ARCH 4509 | FALL 2024
fabric space
INSTRUCTORS
Ekin Erar
TEAM
Jessica Kim
DANILO VELAZQUEZ
SITE
Milstein hall annex
PROGRAM
installation
Located just outside of Milstein Hall’s Annex (the interim Green Dragon cafe) is a stud wall that was erected to maintain Milstein Hall’s primary point of ADA access, a long ramp that doubles as a loading dock. The ongoing renovation of Sibley Hall has been the primary cause of its construction. Patrons of the Green Dragon use this new poche-space to enter and exit the cafe. Scaffolding and other construction materials are just behind the stud wall and in frequent use by construction workers.

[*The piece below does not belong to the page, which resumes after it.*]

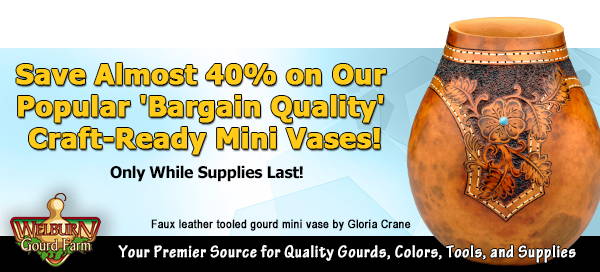 September 4, 2021: 'Bargain Quality' Mini Vases back in stock!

This assembly is unfinished; raw 2x4s and plywood are exposed and revealed to customers sitting in the Green Dragon. While it protects means-of-egress and a glazed wall, this wall limits the amount of diffuse daylight that the Annex would otherwise receive. It’s raw aesthetic is, perhaps, not out of place given Milstein Hall’s own material attitudes towards surface and texture. Glazing mullions frame this space, creating a display-case that forces us to acknowledge the rawness of construction and the innards of stud-wall assemblies.
We take for granted that the walls we interact with are sturdy, flat, white, and seamless. We are rarely shown what is inside our walls or how sheets of drywall create endless expanses of flat surfaces and sharp corners. In a period of time where architecture is obsessed with the shrinking of tolerances and erasure of labor + trade, how might we take advantage of off-the-shelf products and everyday practices to produce new aesthetics and modes of representation?
Given it’s relationship to ongoing acts of labor + trade and proximity-to/visibility-of high-traffic areas this site might serve as the prime testing ground for developing assemblies that render particularities of stud-wall construction visible. The raw stud wall reveals a number of particularities in its current state, e.g., lumber grade tags, stud spacing, and sheet material sizes. This intervention is concerned with explicitly calling attention to these qualities through strategic wall ‘finishing.’ Drywall is the most typical means of finishing stud walls and is the primary material assembly that will be interrogated in this project. This material has it’s own inherent ‘rules’ defined by manufacturers and decades of use. The existing construction and added ‘finish’ will work together to create a 1:1 drawing set that is selectively cut into, altered, and drawn on to lay bare the secrets of stud wall assemblies.